Activity:
What is wanted is every line below from the one with "Hand holding yellow" up to and including the one with "Видео: Кукуруза 🌽", retyped exactly, pictures excluded, nothing else.

Listed records:
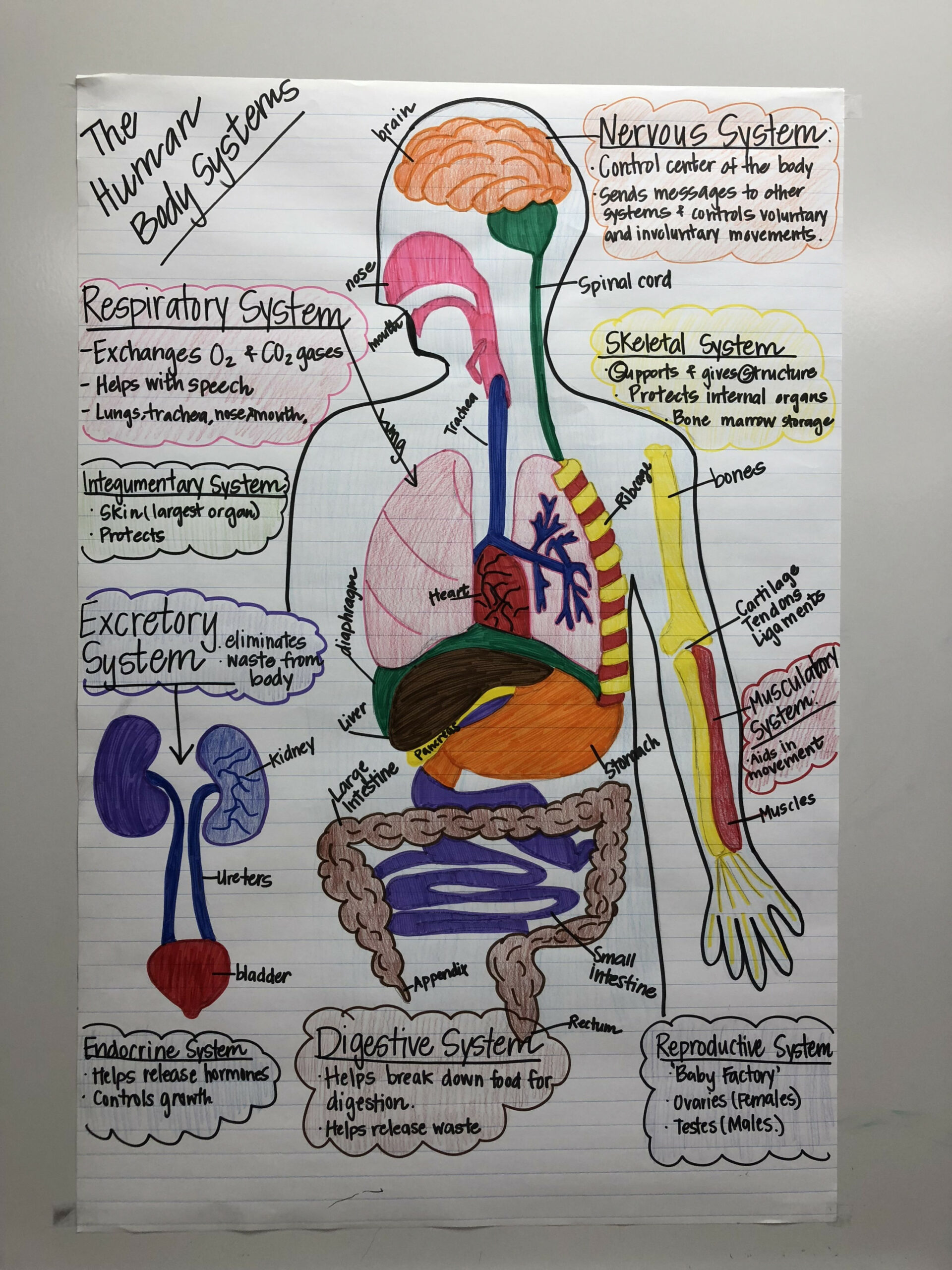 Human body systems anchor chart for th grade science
* * *
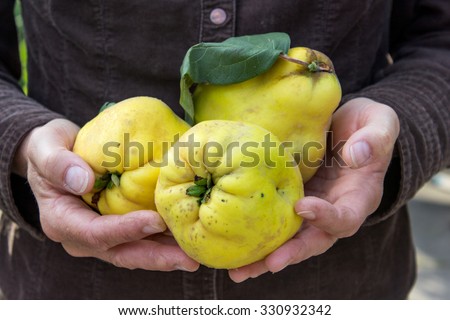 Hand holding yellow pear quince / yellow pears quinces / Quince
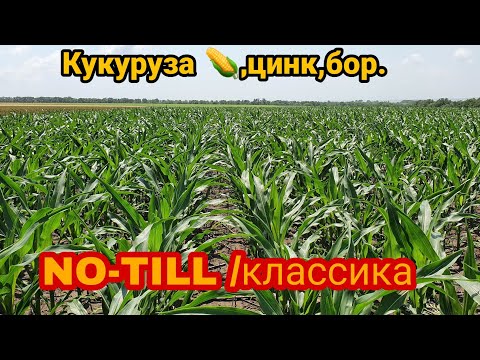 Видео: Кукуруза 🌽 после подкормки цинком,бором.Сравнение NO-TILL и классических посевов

Reply to the exercise:
 Hand holding yellow pear quince / yellow pears quinces / Quince
 Видео: Кукуруза 🌽 после подкормки цинком,бором.Сравнение NO-TILL и классических посевов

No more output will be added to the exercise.